Background: Recent evidence suggests that depletion of skeletal muscle mass (sarcopenia) and an increased amount of intra-abdominal fat (central obesity) influence cancer statistics. This study investigated the impact of sarcopenia and central obesity on survival in patients undergoing liver resection for colorectal liver metastases (CLM).
Methods: Diagnostic imaging from patients who had hepatic resection for CLM in one centre between 2001 and 2009, and who had assessable perioperative computed tomograms, was analysed retrospectively. Total cross-sectional areas of skeletal muscle and intra-abdominal fat, and their influence on outcome, were analysed.
Results: Of the 196 patients included in the study, 38 (19·4 per cent) were classified as having sarcopenia.
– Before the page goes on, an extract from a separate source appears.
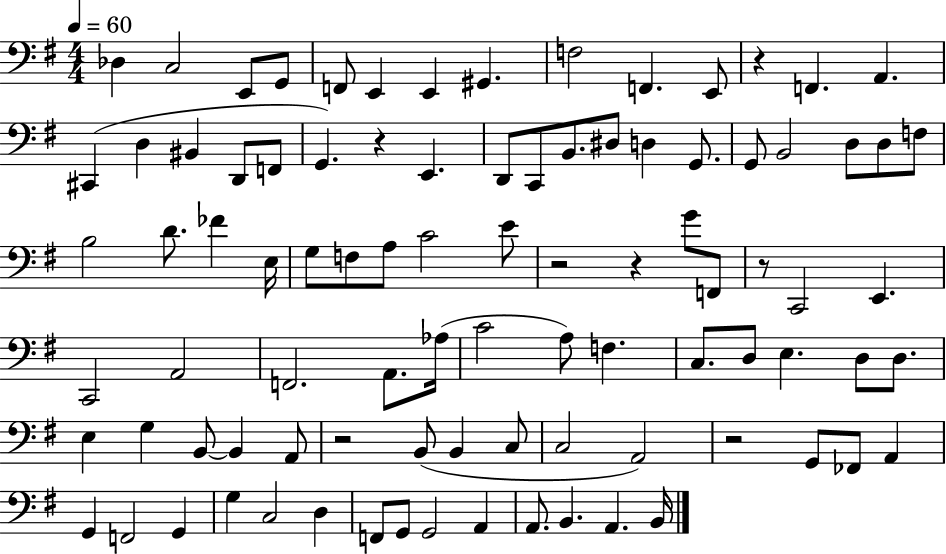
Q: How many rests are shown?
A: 7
Five-year disease-free (15 per cent versus 28·5 per cent in patients without sarcopenia; P = 0·002) and overall (20 per cent versus 49·9 per cent respectively; P < 0·001) survival rates were lower for patients with sarcopenia at a median follow-up of 29 (range 1-97) months. Sarcopenia was an independent predictor of worse recurrence-free (hazard ratio (HR) 1·88, 95 per cent confidence interval 1·25 to 2·82; P = 0·002) and overall (HR 2·53, 1·60 to 4·01; P < 0·001) survival. Central obesity was associated with an increased risk of recurrence in men (P = 0·032), but not in women (P = 0·712).
Conclusion: Sarcopenia has a negative impact on cancer outcomes following resection of CLM.